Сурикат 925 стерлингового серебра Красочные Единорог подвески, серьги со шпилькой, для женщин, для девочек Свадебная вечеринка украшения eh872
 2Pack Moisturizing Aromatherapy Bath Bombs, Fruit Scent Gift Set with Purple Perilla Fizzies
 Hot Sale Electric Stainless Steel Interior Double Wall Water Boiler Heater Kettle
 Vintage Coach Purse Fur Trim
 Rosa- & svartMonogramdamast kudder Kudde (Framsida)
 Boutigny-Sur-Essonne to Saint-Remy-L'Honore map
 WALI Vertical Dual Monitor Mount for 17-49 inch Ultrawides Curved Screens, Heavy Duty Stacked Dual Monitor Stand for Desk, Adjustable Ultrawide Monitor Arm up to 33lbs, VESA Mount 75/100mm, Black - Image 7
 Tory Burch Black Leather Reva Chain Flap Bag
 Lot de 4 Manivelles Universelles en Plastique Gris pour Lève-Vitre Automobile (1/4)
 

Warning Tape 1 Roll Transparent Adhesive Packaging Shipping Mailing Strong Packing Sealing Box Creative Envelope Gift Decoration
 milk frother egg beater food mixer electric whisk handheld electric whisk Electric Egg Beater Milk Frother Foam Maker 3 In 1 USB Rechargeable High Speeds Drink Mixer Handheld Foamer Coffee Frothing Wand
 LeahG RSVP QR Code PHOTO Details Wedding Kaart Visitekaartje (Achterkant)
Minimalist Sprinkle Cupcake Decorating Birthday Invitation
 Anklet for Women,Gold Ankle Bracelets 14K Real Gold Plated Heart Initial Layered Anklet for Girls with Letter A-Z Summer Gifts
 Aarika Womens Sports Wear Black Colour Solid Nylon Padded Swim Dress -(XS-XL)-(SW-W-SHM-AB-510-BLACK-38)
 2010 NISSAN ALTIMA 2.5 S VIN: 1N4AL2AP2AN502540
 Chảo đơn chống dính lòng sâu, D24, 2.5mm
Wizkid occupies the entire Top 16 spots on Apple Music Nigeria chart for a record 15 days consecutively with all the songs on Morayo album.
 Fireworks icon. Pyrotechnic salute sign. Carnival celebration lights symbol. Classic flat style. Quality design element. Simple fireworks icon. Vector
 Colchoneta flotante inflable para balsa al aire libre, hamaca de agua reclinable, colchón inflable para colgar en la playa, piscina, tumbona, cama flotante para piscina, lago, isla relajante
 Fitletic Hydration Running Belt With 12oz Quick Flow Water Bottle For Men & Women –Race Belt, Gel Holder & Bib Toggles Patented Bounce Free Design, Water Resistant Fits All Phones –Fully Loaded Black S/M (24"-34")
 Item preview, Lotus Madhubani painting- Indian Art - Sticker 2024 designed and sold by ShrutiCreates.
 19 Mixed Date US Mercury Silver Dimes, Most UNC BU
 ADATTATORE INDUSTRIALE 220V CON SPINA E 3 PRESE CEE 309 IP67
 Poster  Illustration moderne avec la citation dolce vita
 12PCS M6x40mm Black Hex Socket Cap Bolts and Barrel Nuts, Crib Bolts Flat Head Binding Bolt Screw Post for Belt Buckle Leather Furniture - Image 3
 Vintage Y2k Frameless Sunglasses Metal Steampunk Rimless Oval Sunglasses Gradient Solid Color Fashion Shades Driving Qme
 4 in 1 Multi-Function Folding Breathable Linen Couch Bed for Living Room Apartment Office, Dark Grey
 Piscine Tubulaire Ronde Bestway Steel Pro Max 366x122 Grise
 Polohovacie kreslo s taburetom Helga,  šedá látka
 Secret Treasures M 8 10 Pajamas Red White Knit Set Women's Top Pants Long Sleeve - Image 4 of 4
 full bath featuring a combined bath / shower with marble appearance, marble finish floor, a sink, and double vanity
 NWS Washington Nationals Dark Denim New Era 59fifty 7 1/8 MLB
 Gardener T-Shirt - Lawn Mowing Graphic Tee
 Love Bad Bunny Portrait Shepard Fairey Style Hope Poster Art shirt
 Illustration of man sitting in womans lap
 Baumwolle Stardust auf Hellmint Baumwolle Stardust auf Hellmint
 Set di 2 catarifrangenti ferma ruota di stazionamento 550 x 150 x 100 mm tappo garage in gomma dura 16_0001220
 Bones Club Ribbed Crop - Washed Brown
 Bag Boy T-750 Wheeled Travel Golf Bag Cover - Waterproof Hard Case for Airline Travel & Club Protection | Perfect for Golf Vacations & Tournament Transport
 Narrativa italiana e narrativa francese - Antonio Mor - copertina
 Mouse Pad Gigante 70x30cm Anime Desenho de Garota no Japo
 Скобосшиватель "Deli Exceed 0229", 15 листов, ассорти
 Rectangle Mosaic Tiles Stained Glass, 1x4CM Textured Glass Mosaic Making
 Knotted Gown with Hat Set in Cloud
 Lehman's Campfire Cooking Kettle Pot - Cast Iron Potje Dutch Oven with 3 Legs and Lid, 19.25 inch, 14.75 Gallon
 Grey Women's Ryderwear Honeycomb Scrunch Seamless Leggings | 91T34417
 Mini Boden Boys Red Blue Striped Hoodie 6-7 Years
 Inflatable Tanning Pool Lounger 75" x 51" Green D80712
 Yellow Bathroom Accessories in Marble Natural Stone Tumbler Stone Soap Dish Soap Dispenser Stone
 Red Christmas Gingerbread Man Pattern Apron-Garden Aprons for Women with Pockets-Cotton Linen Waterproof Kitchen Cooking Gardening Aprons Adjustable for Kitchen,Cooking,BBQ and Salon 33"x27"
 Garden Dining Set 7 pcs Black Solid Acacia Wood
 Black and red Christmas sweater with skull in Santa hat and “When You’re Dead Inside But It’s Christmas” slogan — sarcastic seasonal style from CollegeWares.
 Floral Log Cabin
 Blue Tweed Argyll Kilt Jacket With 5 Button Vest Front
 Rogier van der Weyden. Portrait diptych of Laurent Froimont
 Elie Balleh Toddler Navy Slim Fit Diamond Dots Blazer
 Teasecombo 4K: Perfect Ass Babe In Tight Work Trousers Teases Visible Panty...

:: WHAT YOU SHOULD DO ::
Every line above from the line with "Minimalist Sprinkle Cupcake" to the line with "Chảo đơn chống dính lòng sâu, D24, 2.5mm", inclusive, must be returned exactly; no other line belongs in the reply.

:: FINISHED EXERCISE ::
Minimalist Sprinkle Cupcake Decorating Birthday Invitation
 Anklet for Women,Gold Ankle Bracelets 14K Real Gold Plated Heart Initial Layered Anklet for Girls with Letter A-Z Summer Gifts
 Aarika Womens Sports Wear Black Colour Solid Nylon Padded Swim Dress -(XS-XL)-(SW-W-SHM-AB-510-BLACK-38)
 2010 NISSAN ALTIMA 2.5 S VIN: 1N4AL2AP2AN502540
 Chảo đơn chống dính lòng sâu, D24, 2.5mm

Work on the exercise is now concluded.